→ ACTION ITEM
The pictures in the listing below are to be skipped, while the lines between the line holding "カンゼル レジデンス アパート" and the line holding "Mevlana Parkı — park, Bağcılar, İstanbul", inclusive, are to be output exactly.
BEGIN DATASET ENTRIES
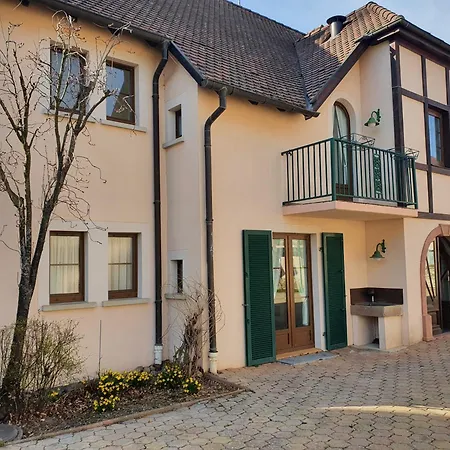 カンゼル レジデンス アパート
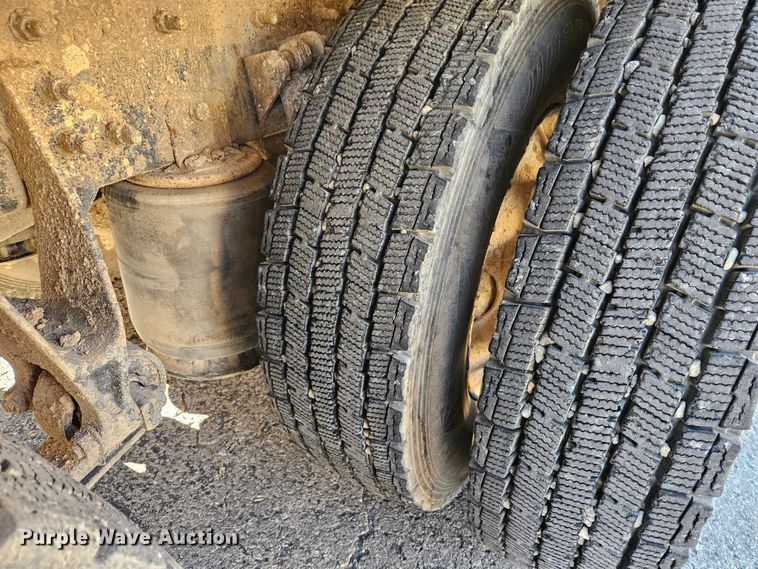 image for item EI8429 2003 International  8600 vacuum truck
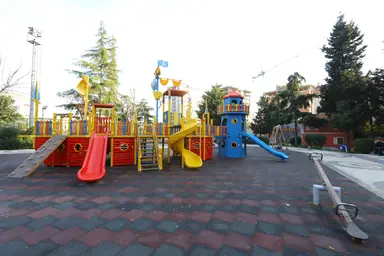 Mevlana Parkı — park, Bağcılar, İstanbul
END DATASET ENTRIES
BEGIN DATASET ENTRIES
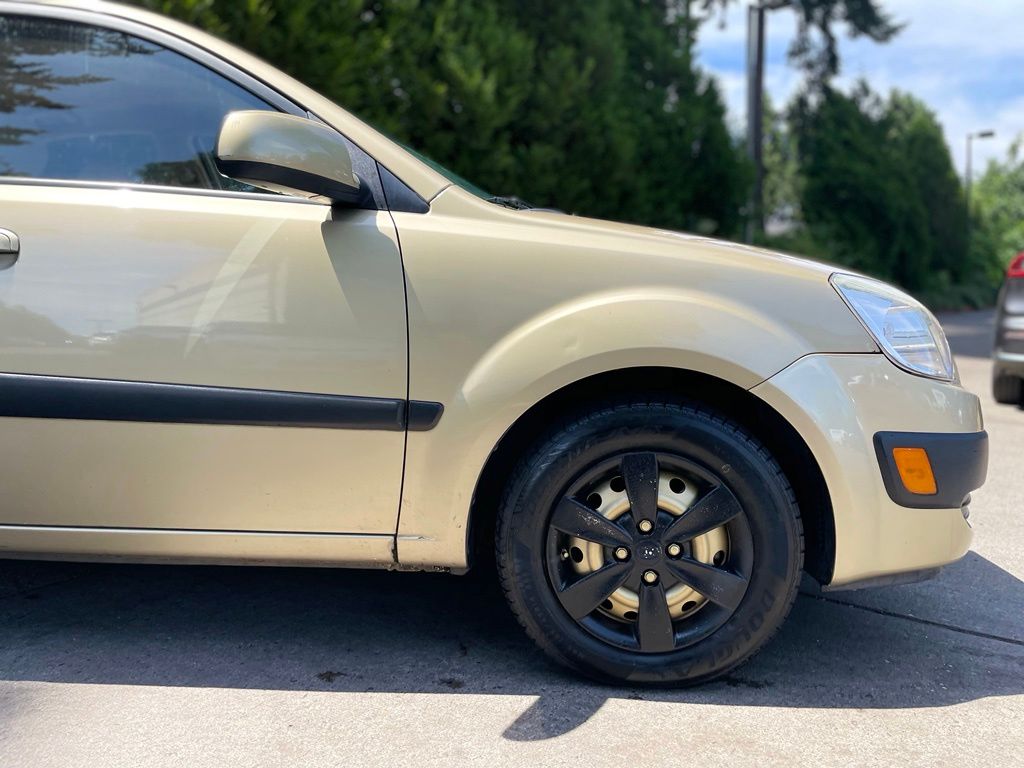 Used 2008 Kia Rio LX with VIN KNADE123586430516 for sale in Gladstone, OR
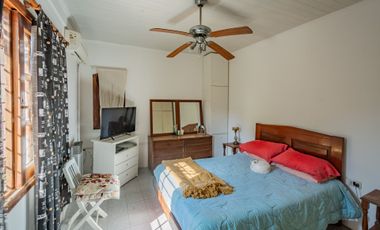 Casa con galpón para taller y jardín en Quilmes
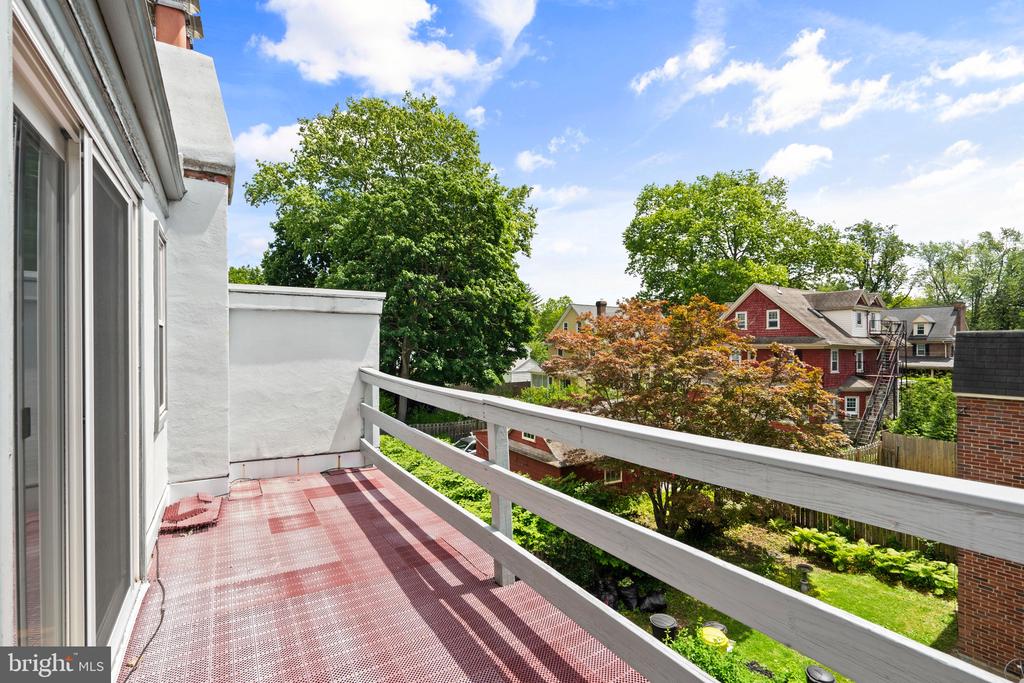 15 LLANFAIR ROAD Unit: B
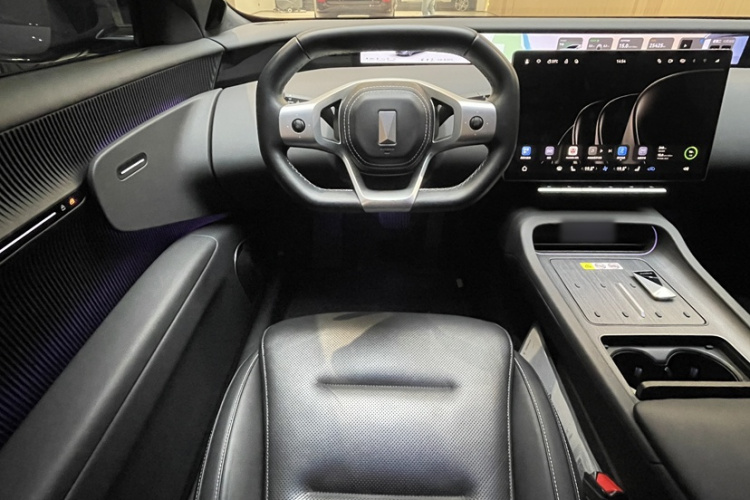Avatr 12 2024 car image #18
END DATASET ENTRIES
BEGIN DATASET ENTRIES
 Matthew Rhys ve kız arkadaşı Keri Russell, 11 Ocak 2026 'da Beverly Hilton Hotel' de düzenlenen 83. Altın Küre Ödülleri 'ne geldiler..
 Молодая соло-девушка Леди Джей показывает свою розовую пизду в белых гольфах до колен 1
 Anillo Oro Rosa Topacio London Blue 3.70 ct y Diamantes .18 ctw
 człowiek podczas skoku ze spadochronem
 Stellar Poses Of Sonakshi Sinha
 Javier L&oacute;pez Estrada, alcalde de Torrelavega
END DATASET ENTRIES
→ EXERCISE RESPONSE
 カンゼル レジデンス アパート
 image for item EI8429 2003 International  8600 vacuum truck
 Mevlana Parkı — park, Bağcılar, İstanbul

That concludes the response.